May 8, 2016   //   by Patxi Irurzun Ilundain   //   Blog  //  No Comments

 Publicado en ‘Rubio de bote’, ON (suplemento de los diarios del Grupo Noticias). 08/05/2016

 

—¡Un, dos, un, dos! —oímos que nos gritaban desde una de las casas bajas, las que daban al barranco, por donde mi madre y yo habíamos salido a correr al caer la noche, cuando nadie pudiera vernos.

Y después unas risas que subían a la superficie desde la ciénaga de un pecho lleno de alquitrán y malas hierbas. Miré hacia aquel agujero negro y vi brillar una luciérnaga naranja, alguien fumando a la puerta de la casa de la bruja. De ese modo llamábamos a la herbolera que vivía allí, una mujer mayor y con barba, que siempre andaba arrastrando bolsas de hierbabuena, berro, verbena, a veces acompañada de un jabalí amaestrado, que hozaba entre los matorrales de los descampados.

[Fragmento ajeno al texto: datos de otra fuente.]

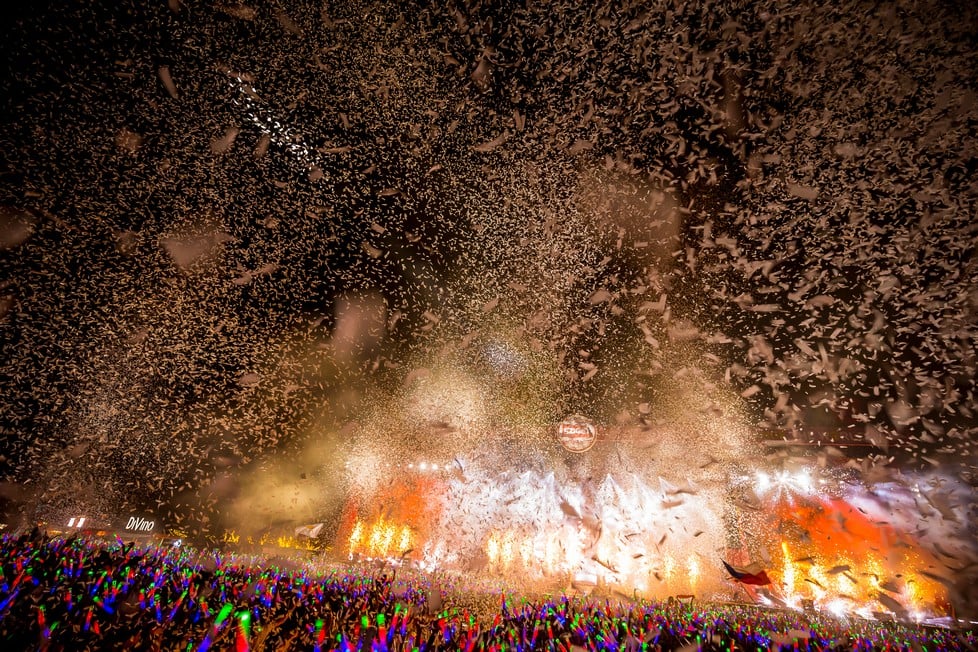 Confetti fills the air at Sziget.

—¡Un, dos, un, dos!—escuchamos de nuevo su voz cavernosa.

Y corrimos como alma que lleva el diablo, sintiendo a nuestras espaldas el aliento caliente del animal y los colmillos fríos de la humillación clavados en nuestros culos deportistas. Corrimos hasta que llegamos al portal, y una vez dentro, nos apoyamos contra la pared, jadeantes. Miré a mi madre. Llevaba puesta una falda a cuadros, botas de monte y un oriller amarillo horrososo.

—¡Yo no vuelvo! —dije.

No sé por qué, nos había dado por salir a correr. A mí, supongo que porque había visto Rocky, o porque pensaba que para que me cogieran en la NBA solo con los entrenamientos del equipo de baloncesto no me valía; a mi madre porque siempre había sido muy moderna, una adelantada, o porque no quería dejarme solo en aquella época de navajeros y miedo a salir de noche. El caso es que aquella fue la primera y la última vez.

Por entonces correr era una excentricidad. Nadie corría, si no hacía falta. Solo quienes practicábamos algún deporte, y lo hacíamos de vez en cuando y en grupo. La gente nos señalaba, se reía, y siempre había el típico gracioso que se colocaba junto a nosotros y recorría unos metros imitándonos, burlándose.

Después no sé qué paso. A salir a correr le cambiaron de nombre y le pusieron footing. El chándal se convirtió en una prenda de uso corriente, que hasta se podía combinar con tacones. Todo el mundo corría, aunque nadie les persiguiera. Y como todo el mundo corría, los que corrían más que los demás  dejaron de hacer footing, que era una cosa como de aficionados, y se hicieron runners.

Yo hará unos veinticinco años que no hago deporte. Alguna vez, si se me va a escapar el autobús, echo una carrerita y siento como si cada uno de mis huesos proclamara su declaración de independencia. Y al día siguiente, las agujetas, que duran una semana. No voy a decir que eso sea normal, ni que hacer ejercicio no esté bien, pero a veces me he encontrado con algunos de esos que de niños se reían de mí cuando corría, con aquellos compañeros de colegio para los que la clase de gimnasia era una tortura y el plinto un Everest; o con aquellos que cuando quedábamos para ir en bicicleta, aparecían con sus BH impecables, con los guardabarros sin tocar, aquellas bicicletas que solo habían usado la mañana del día de reyes; y de repente, todos ellos se han convertido en ironmanes, van vestidos como astronautas, beben cosas verdes…  Y no sé muy bien qué pensar: por una parte me siento descolocado, una especie de marciano, me parece que siempre en la vida he hecho las cosas al revés, cuando no tocaba; pero, por otra, me parece que en todo eso hay algo raro, no sé muy bien qué. Por lo demás, cualquier día de estos me encuentro a la bruja yendo a clase de zumba. Y al jabalí atado en la puerta del gimnasio, con una de esas sudaderas para mascotas.